Amerigroup shareholders file class action over sale

Parasharami

WILMINGTON, Del. (Legal Newsline) - Shareholders of Amerigroup have initiated a class action lawsuit against members of the board of directors and executive officers of Amerigroup over its pending sale to WellPoint.

Also named as defendants are Goldman, Sachs & Co. and WellPoint. The City of Monroe Employees Retirement System and Louisiana Municipal Police Employees Retirement System claim that those advising the Amerigroup board urged it "to ignore known and interested suitors other than WellPoint in order to advance their own selfish interests."

According to the complaint, which was filed in Delaware Chancery Court on Thursday, "Beginning in December 2011, several suitors expressed unsolicited interest in entering a potential strategic transaction with Amerigroup."

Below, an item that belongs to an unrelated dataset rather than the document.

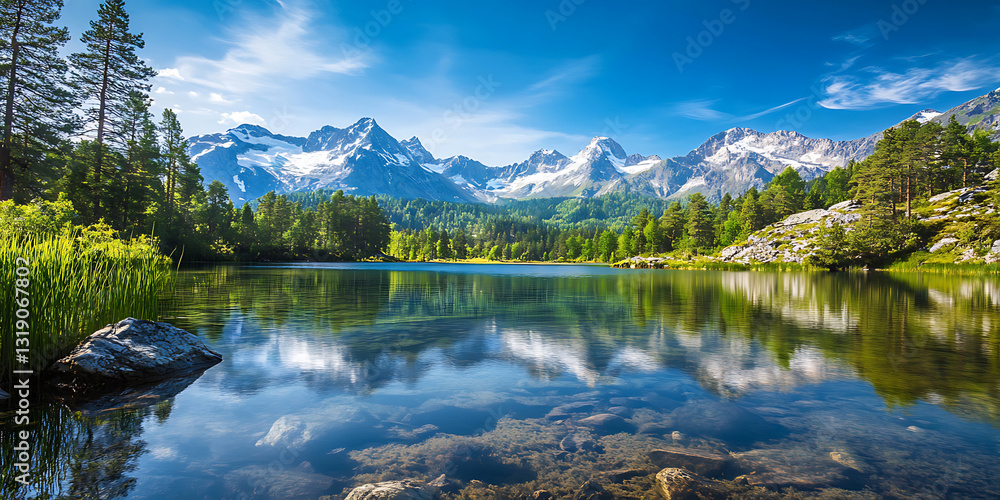 Fototapeta premium Crystal-Clear Lake Reflecting a Mountain Range Under a Starry Sky for Serene Landscapes, Peaceful Nights, or Majestic Views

The complaint makes specific reference to Feb. 9, when the CEO of a company referred to as "Company D" in Amerigroup's preliminary proxy informed James G. Carlson, Amerigroup's Chairman of the Board and CEO, that it was interested in acquiring Amerigroup.

It then says that several others were also interested. But, despite this, "on June 7, based upon the advice of the Company's financial advisors, Goldman and Barclays Capital, the Amerigroup Board agreed to enter into exclusive negotiations with WellPoint without adequately exploring the level of interest from the other suitors."

According to Amerigroup, WellPoint was given the nod because the transaction with Company D would cause more regulatory problems. But the shareholders say the Board granted WellPoint exclusivity because its "primary investment banker, Goldman, was hopelessly conflicted due to its own financial interests and pushed the Board sign the quick deal with WellPoint instead of pursuing a more lucrative deal with Company D. The Company's management also preferred the WellPoint deal because they got to keep their jobs."

The plaintiffs maintain that "Goldman was counterparty to a complex derivative transaction with the Company. Pursuant to this transaction, the Company would be required to pay Goldman $233.7million if Amerigroup was sold prior to Aug. 13 and a substantial, but not yet revealed amount, if the sale of the Company occurred prior to Oct. 22.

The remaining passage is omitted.